Establishing Yourself as a Leader
In order to maintain control in your company, you need to establish yourself as a leader, placing yourself at the top of the ranks. Many small business owners allow themselves to come across as overly soft and many staff members or clients will take advantage of this, trying to get away with unacceptable behaviour or wangle unreasonable deals out of you. Instead, you need to be reasonable, but firm. This will ensure that you maintain a positive atmosphere in the workplace at the same time as being respected. You will then be able to guide your business in the direction that you want it to go with as little hassle or confrontation as possible.

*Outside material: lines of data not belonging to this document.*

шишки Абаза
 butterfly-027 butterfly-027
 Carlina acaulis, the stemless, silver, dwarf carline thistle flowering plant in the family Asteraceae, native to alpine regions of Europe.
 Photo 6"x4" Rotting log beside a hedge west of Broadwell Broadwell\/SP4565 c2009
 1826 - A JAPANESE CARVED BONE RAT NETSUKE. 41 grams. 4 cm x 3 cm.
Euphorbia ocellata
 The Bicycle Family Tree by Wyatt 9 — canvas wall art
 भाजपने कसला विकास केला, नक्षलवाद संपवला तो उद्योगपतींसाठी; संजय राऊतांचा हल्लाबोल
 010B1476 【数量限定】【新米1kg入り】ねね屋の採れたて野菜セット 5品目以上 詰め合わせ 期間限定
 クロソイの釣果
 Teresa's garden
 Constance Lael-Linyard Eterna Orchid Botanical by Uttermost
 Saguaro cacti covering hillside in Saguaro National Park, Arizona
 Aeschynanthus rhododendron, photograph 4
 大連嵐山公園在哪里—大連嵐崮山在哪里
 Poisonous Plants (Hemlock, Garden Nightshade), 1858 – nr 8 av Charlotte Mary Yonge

Establishing Managers and a HR Department
If you begin to take on increasing numbers of staff, chances are that you won’t have sufficient time on your hands to manage them all effectively by yourself. If you were to dedicate adequate time to properly managing your team, you’d fall behind in other important and progressive areas. But not to worry. You can have the best of both worlds. You just need to recruit individuals who can manage your stay on your behalf. To start with, you should consider recruiting managers and developing a HR department.
Managers will often carry out similar tasks to your other employees, but they will also manage their colleagues on top of this. They will monitor progress, report problematic behaviour, and can act as a middle person between you and your employees. They should have strong leadership skills and should be stern enough to reprimand negative behaviour. However, they should also be someone that staff feel they can reach out to for help and support.
HR is absolutely essential when it comes to promoting any growing company’s success. The role of a HR department is to enable your business to distribute staff effectively and ensure that all staff are content with their working conditions. The individuals working within this department will carry out various jobs for you. They will:
- Establish a framework for the policies and procedures that come hand in hand with the employment of new staff.
- Establish a framework for the policies and procedures that existing staff work by.
- Organise employees’ annual leave.
- Process sick notes.
- Note complaints and help to resolve workplace drama or conflict.
Now, seeing as the role that a HR department workers carries out is so wide spanning, you may initially find it difficult to find the right person for the job. What’s more? There aren’t really any specific courses for people to take to specialise in HR. So, you’re going to just have to focus on a few traits that should make a good HR employee. Some of these include:
- Good communication
- Good organisation
- A balanced outlook
- Empathy and compassion
- Administrative skills
As you can see, your business journey really isn’t over when you launch your products and start taking profits. In order to succeed, you need to take hold of the reigns and manage your business as effectively as possible. Hopefully, the above information and advice will help you to achieve this!